Your goal: Beginning with the line that holds "Adrienne Vittadini Gold", write out each line exactly as it stands until the end of the data, and include no pictures.

Segment Start: Input material

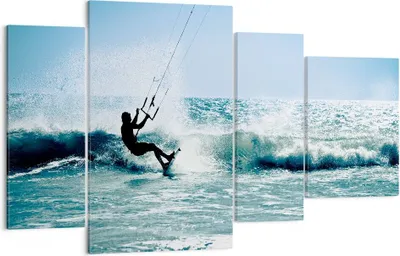 Produktbild von Bild auf Leinwand - Leinwandbild - Drachen-Surfen Wasser Ozean - 120x70cm - Wand Bild - Wanddeko - Leinwanddruck - Bilder - Kunstdruck - Wanddekoration - Leinwand bilder - Wandkunst - DL120x70-2385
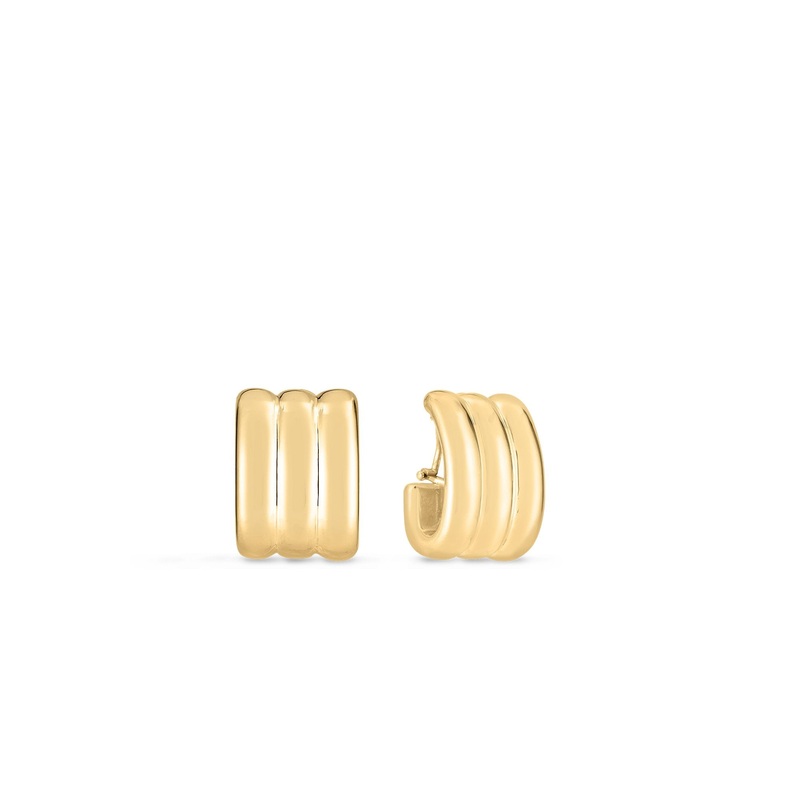 18K Yellow Designer Gold Wide Ridged Earrings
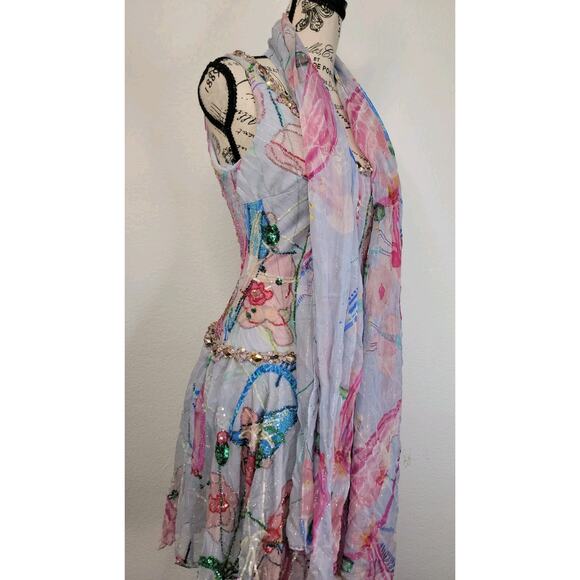 Alberto Makali Silk Beaded Sequin Mini Skater Dress US 4 Drop Waist Fairytale - Picture 11 of 12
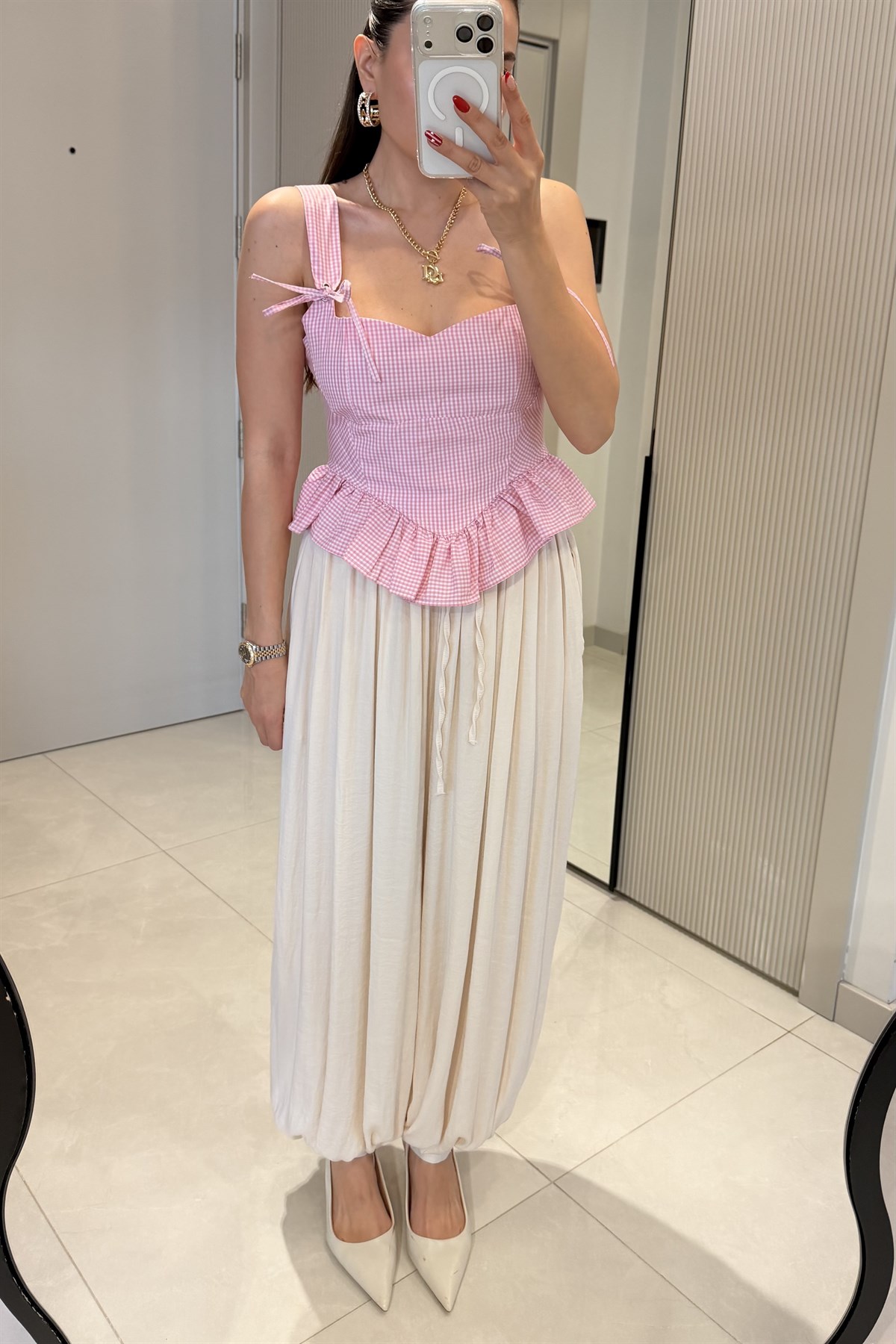 Moana Pembe Pötikare Volanlı Büstiyer 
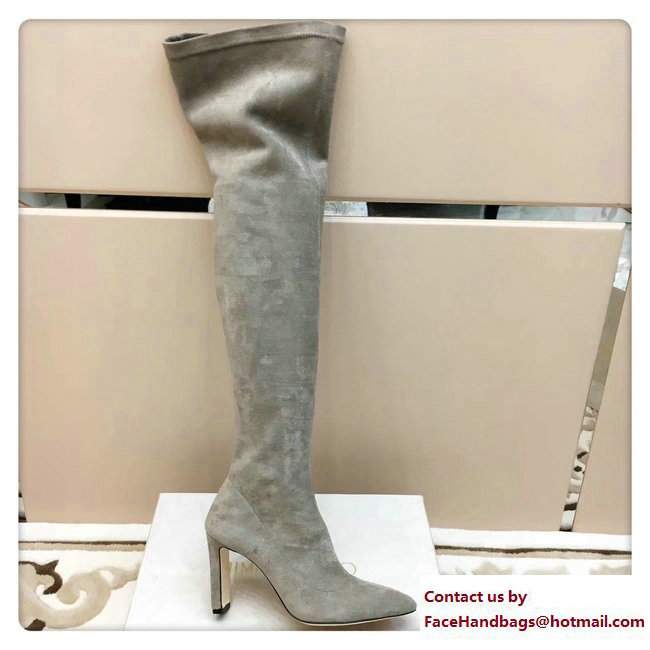 Jimmy Choo Lorraine 85 Velvet Pointy Toe Over The Knee Boots Light Gray 2017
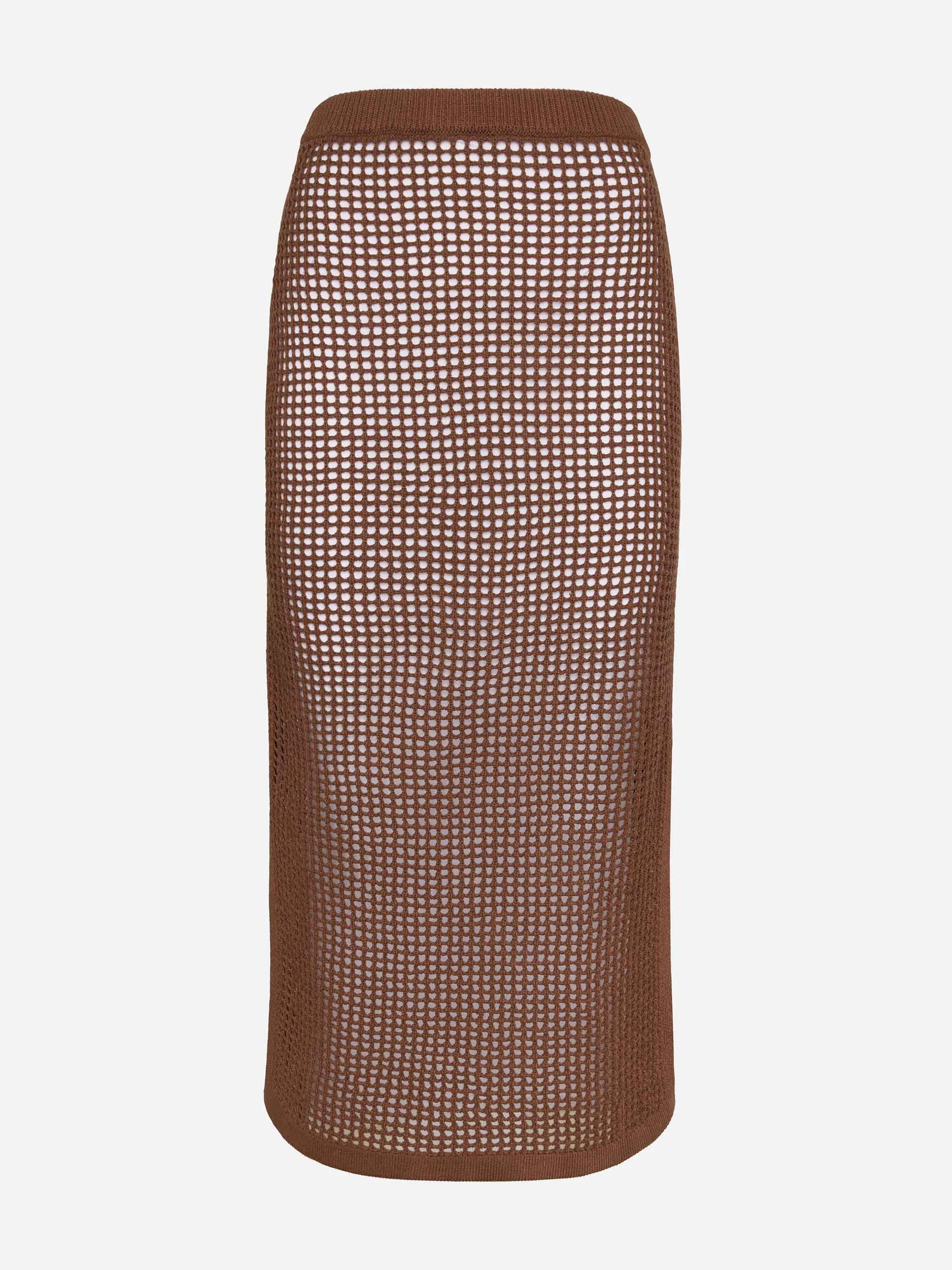 Darline brown crochet midi skirt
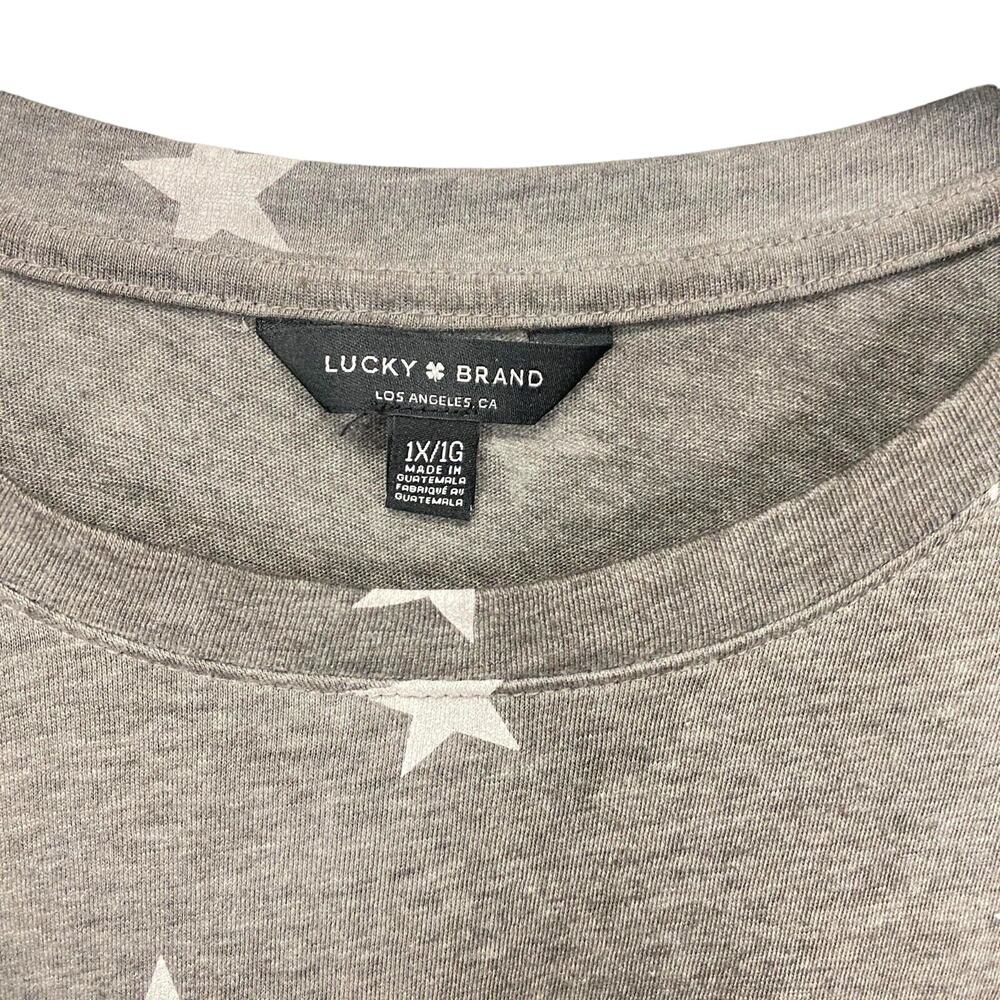 Lucky Brand Women's Short Sleeve shirt Gray White Star Print Plus size 1X - Picture 5 of 7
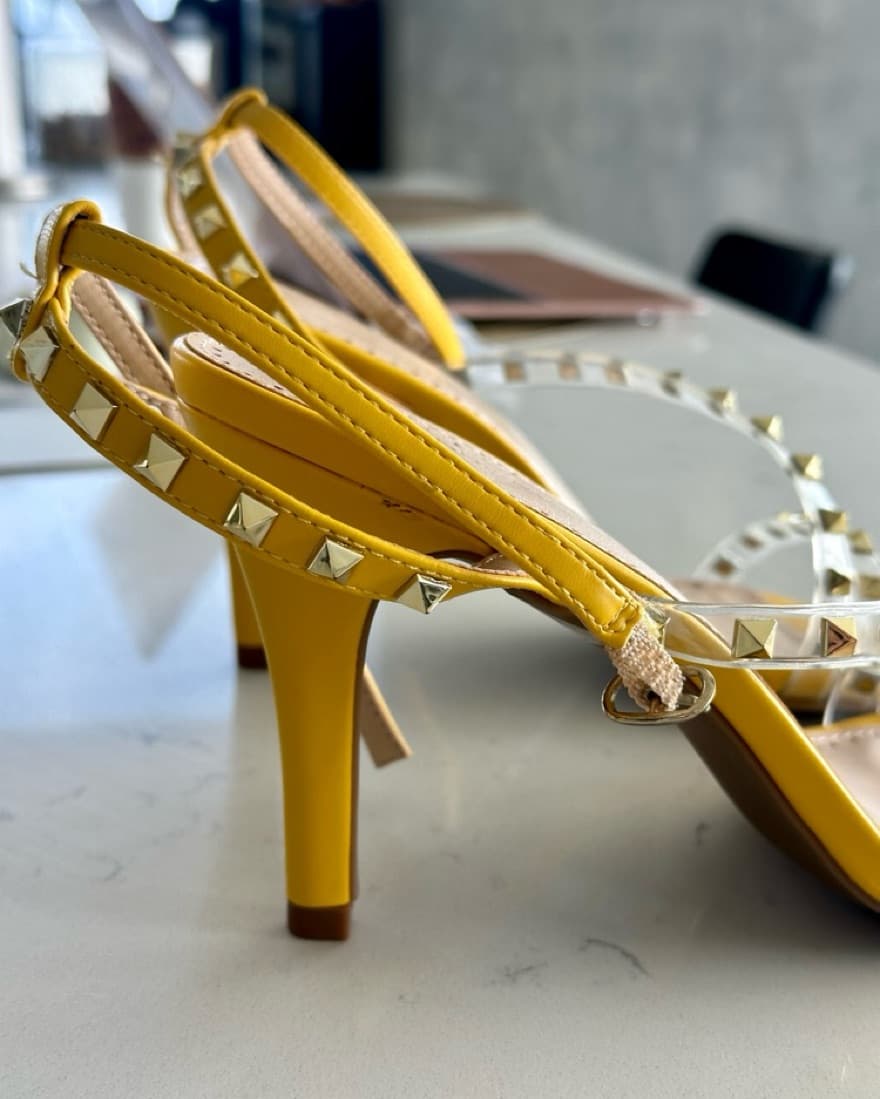 Adrienne Vittadini Gold Stud Heels  - Image 2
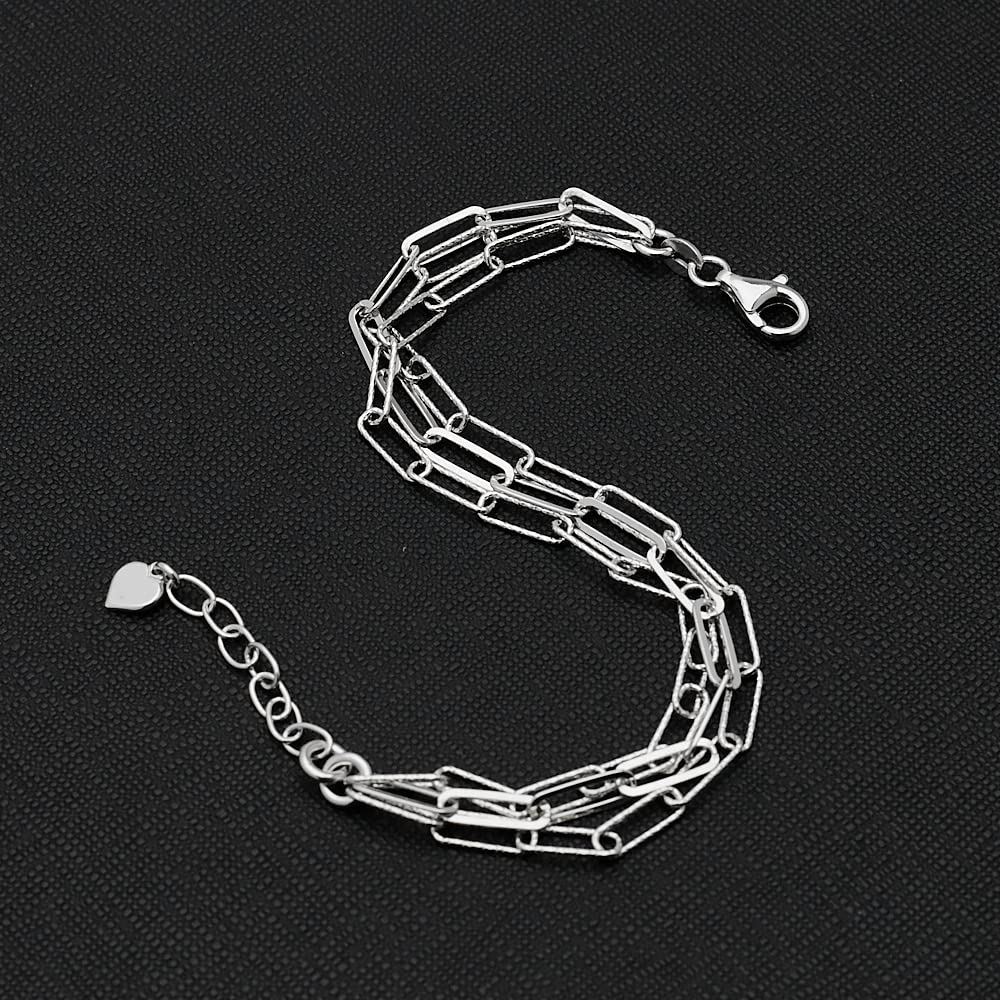 Womens Multi Strand Silver Bracelet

Segment End: Input material

Completed exercise:
 Adrienne Vittadini Gold Stud Heels  - Image 2
 Womens Multi Strand Silver Bracelet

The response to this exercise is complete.